November 9, 12-1:30, HHH 188
On September 21-22 the Cason Family Foundation hosted the Third Annual Informal Waste Sector Conference "The Informal Waste Sector: Ways Forward in the Context of Waste Management and Globalization." Approximately 75 people attended from across the spectrum of those interested in waste issues -- private sector waste-to-energy and finance companies, NGOs working with waste pickers and cooperatives, human rights advocates, development banks, waste management consultants and waste advocacy groups.
There are approximately 20 million people worldwide in the informal sector (some estimates are even higher -- 64 million). These people play a vital role in diverting valuable resources, such as recyclable materials and quality organics, from becoming waste that is landfilled or incinerated. In our current state of rapid urbanization, the informal sector is often the only waste management in slums and new urban areas. We need to work with the informal sector to create solutions to meet the sanitation needs of the 3.5 billion people worldwide who lack even simple collection of their waste. Efforts must be put in place to ensure that waste pickers are recognized for their role in helping cities meet public health and resource recovery goals.

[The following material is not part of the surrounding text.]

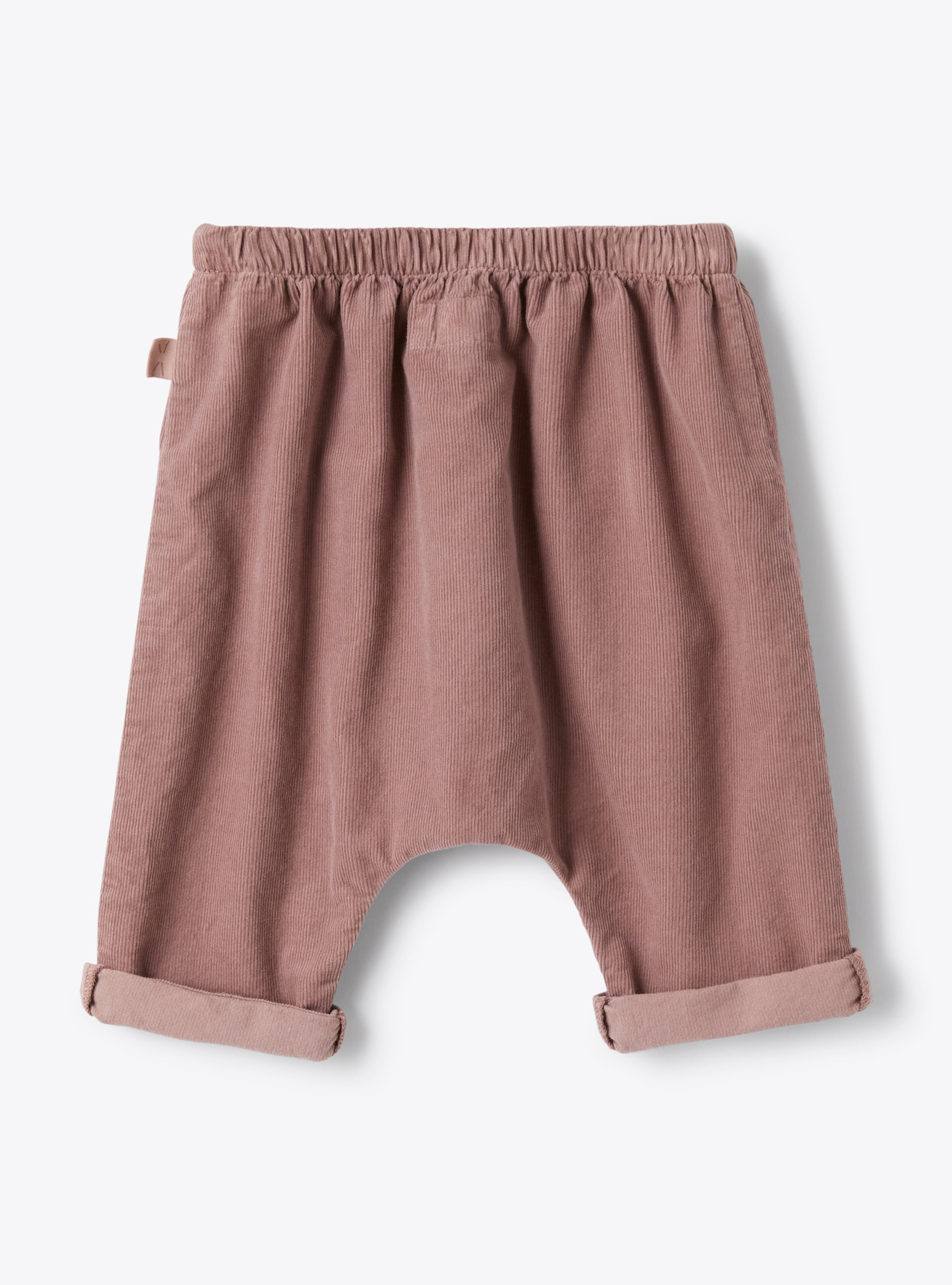 Gerippte recycelte Baumwollcordhose - VIOLETT | Il Gufo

The conference covered three big topics, mostly in panel discussions and interactive dialogs with the participants:
the inclusion of the informal waste sector
big data and mobile governance
megacities and urbanization
We discussed what is done now to include the informal recyclers within solid waste and resource recovery supply and value chains, we brainstormed ideas for how to use big data, particularly mapping, to move forward, and touched on some of the realities facing the waste sector with growth of megacities and urbanization.
Humphrey alumni Katrina Mitchell (MURP 2009) attended the conference and will be facilitating a conversation on take aways and ways forward. All are welcome.
Topics: informal economy, waste and resource recovery, rapid urbanization and megacities, using big data and mapping for advocacy, waste management as a human right, waste systems design and governance.